Neste abalo, muito se veio a saber, para além do que consta do Manifesto, sublinho apenas três pontos:
- que houve e há recursos decisivos para o Supremo Tribunal de Justiça que são apreciados por pessoas - certamente estimáveis e respeitáveis - que fizeram toda a sua carreira judicial como procuradores, nunca tendo estado antes como juízes. E a cultura dominante em cada magistratura é muito diferente. Eis uma alteração constitucional indispensável no futuro;
- que há demasiados magistrados judiciais que, embora em ambiente de cultura jurídica diferente, “assinam de cruz” as posições do MP, desde casos nos processos mais mediáticos, a casos quotidianos que desgraçam desconhecidos da opinião pública;
- os porta-vozes do costume das posições populistas e corporativistas utilizam argumentos que seriam ridículos se não fossem perigosos, rancorosos e falsos - o Manifesto seria de poderosos a defender poderosos; de influentes a defender amigos, não contém quaisquer propostas. Como se um diagnóstico tão severo e a forma como foi recebido pelo Presidente da República, primeiro-ministro e líder do principal partido da oposição não mostrasse a seriedade dos propósitos dos subscritores. Como se o intenso debate que atravessa comunicação social, magistraturas, Parlamento, não tivesse relevância.
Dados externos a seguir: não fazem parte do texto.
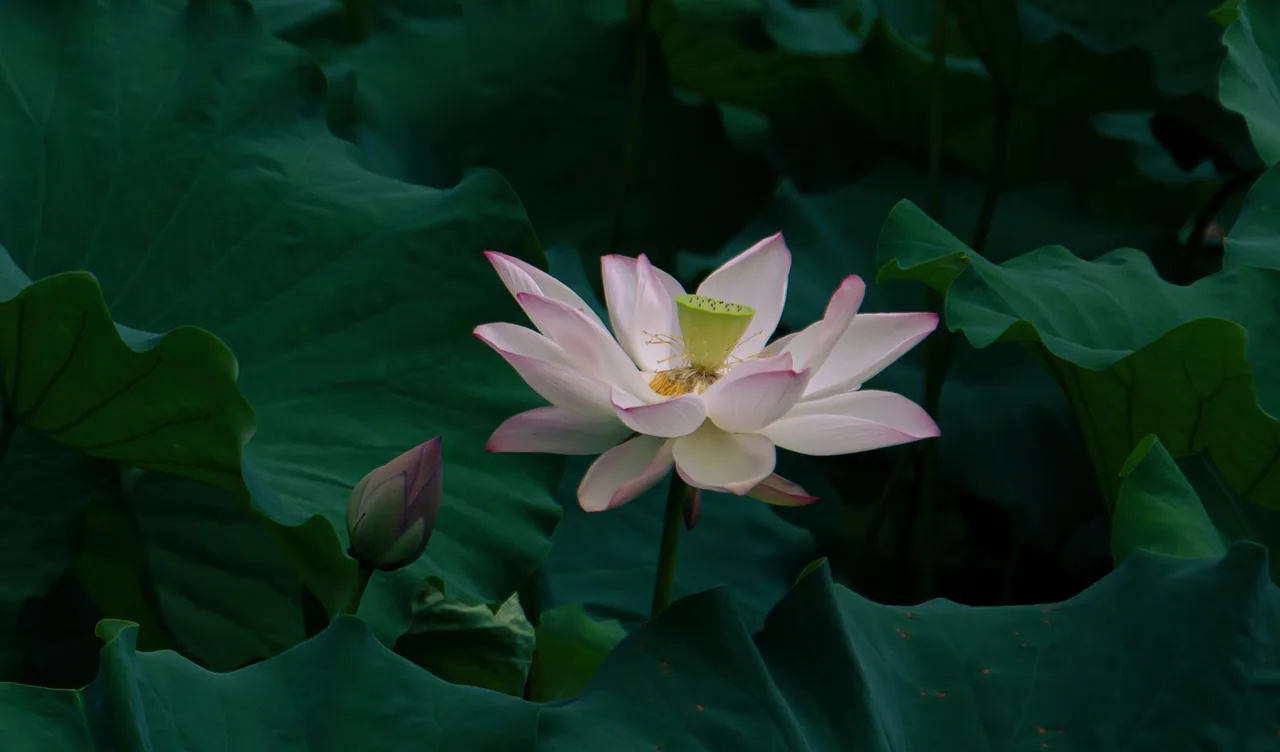 长沙 · 草木四季 · 长沙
Aliás, no contexto do Manifesto, e apesar da competência constitucional caber à AR, tem havido várias sugestões sérias:
- prazos judiciais são para cumprir;
- medidas especialmente intrusivas, como escutas, detenções ou buscas com exigência de luz verde de dois juízes e não apenas de um juiz;
- escutas só para suspeitos de crimes sujeitos a mais de cinco anos de prisão e com limites imperativos de prorrogações;
- aplicação das leis em matéria de violações do segredo de justiça;
- respeito pelos direitos das vítimas em ter justiça feita atempadamente e dos arguidos em não permanecerem indefinidamente nesta situação.
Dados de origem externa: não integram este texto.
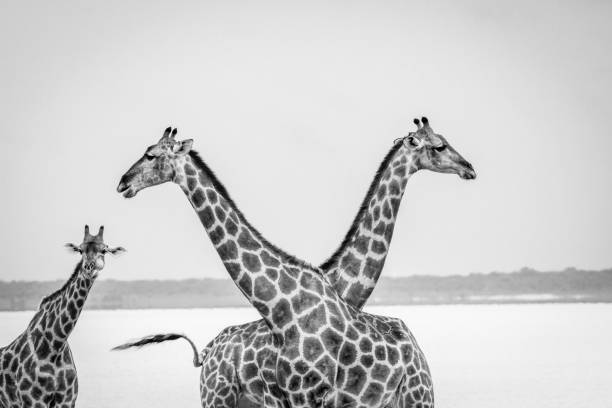 istock Two Giraffes crossing their neck. 669670944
Em suma, respeito pelo Estado de Direito e pela Democracia.
Vamos esperar por compromissos sérios no Parlamento, em redor de propostas políticas e não de denominadores comuns corporativos. Sem otimismos excessivos, mas sem baixar os braços.
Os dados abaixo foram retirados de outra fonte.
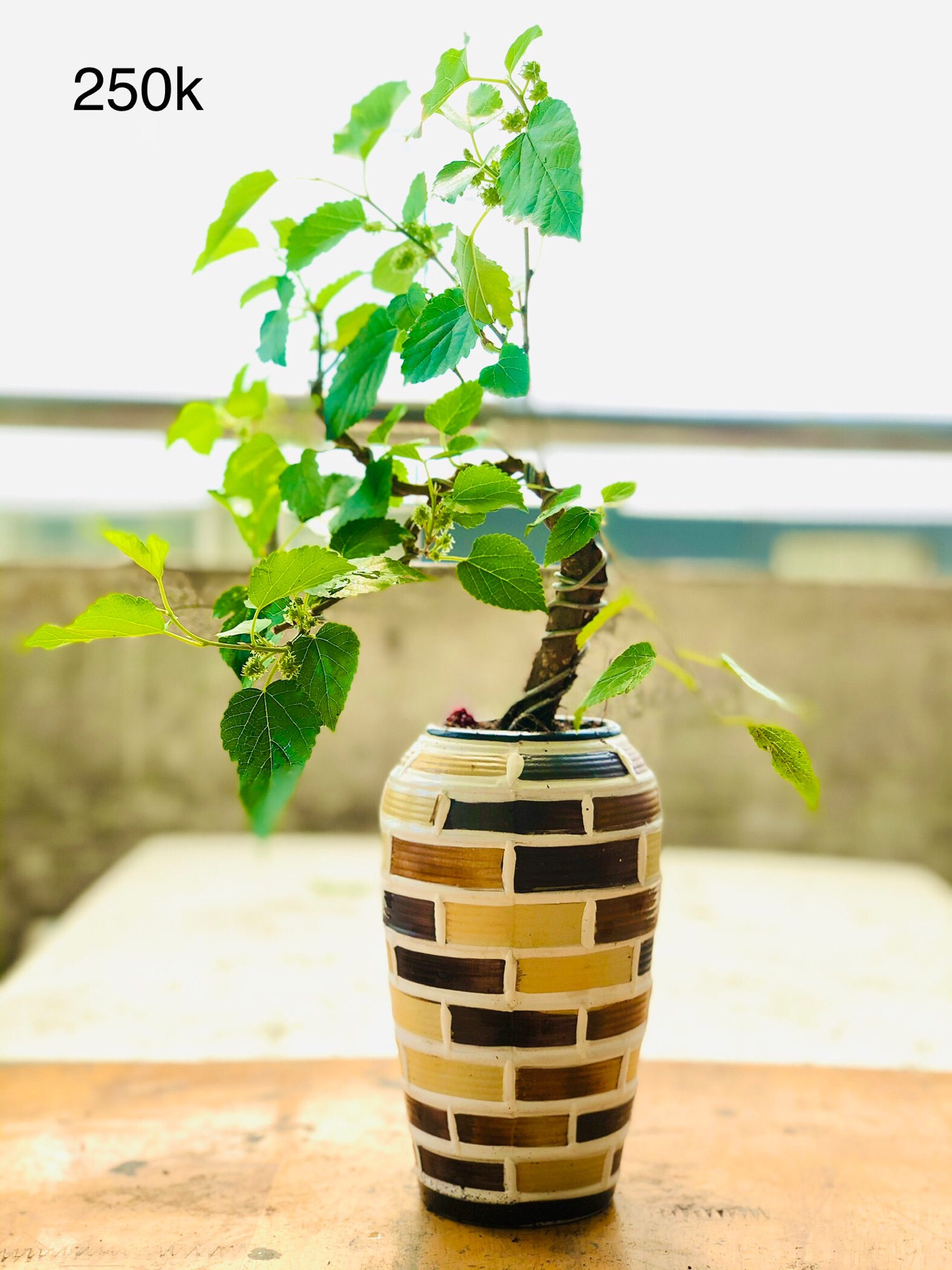 Chậu dâu tằm bonsai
Gostaria de ver concretizadas propostas que, não sendo de todos os subscritores, considero muito importantes:
- a convocatória pelo PR de uma reunião do Conselho de Estado para discussão da situação na Justiça;
- a disponibilidade de quem for indigitado para PGR ser ouvido no Parlamento, embora tal não seja constitucionalmente exigido (nem vedado). A próxima pessoa a exercer tão importantes funções tem de publicamente anunciar como vai agir para pôr termo ao desprestígio institucional e à balcanização instalada.
Em 18 de novembro, na minha derradeira intervenção no PS, afirmei: “Quero dedicar a última fase da minha vida política a, modestamente, defender a causa das causas da Democracia.” E vou continuar a fazê-lo em boas e controversas companhias (como eu também serei).
Obrigado Maria de Lurdes Rodrigues, Rui Rio, Daniel Proença de Carvalho, Vital Moreira, Diogo Feio, Daniel Oliveira, Leonor Beleza, António Garcia Pereira, para apenas citar quem não é do PS e teve importantes funções partidárias ou de Estado.
PS: Na passada quinta-feira houve vários acontecimentos importantes:
- a notícia do arquivamento do processo disciplinar contra a procuradora-geral-adjunta Maria José Fernandes;
- finalmente alguém que não é dirigente do sindicato da corporação veio dar a cara: o procurador-geral-adjunto Rosário Teixeira.
No que respeita ao Manifesto, embora moderado e inteligente, insistiu em duas falsidades: que se tratava de um ataque ao Ministério Público (quando o que se pretende é o regular funcionamento dessa instituição) e que não continha propostas, apenas críticas (o que aqui já se desmontou).
Quanto à ilibação de António Costa (“não é suspeito”), pena que não tenha sido esse o parágrafo introduzido no comunicado da PGR de 7 de novembro. A democracia teria sido poupada a vexame de graves consequências.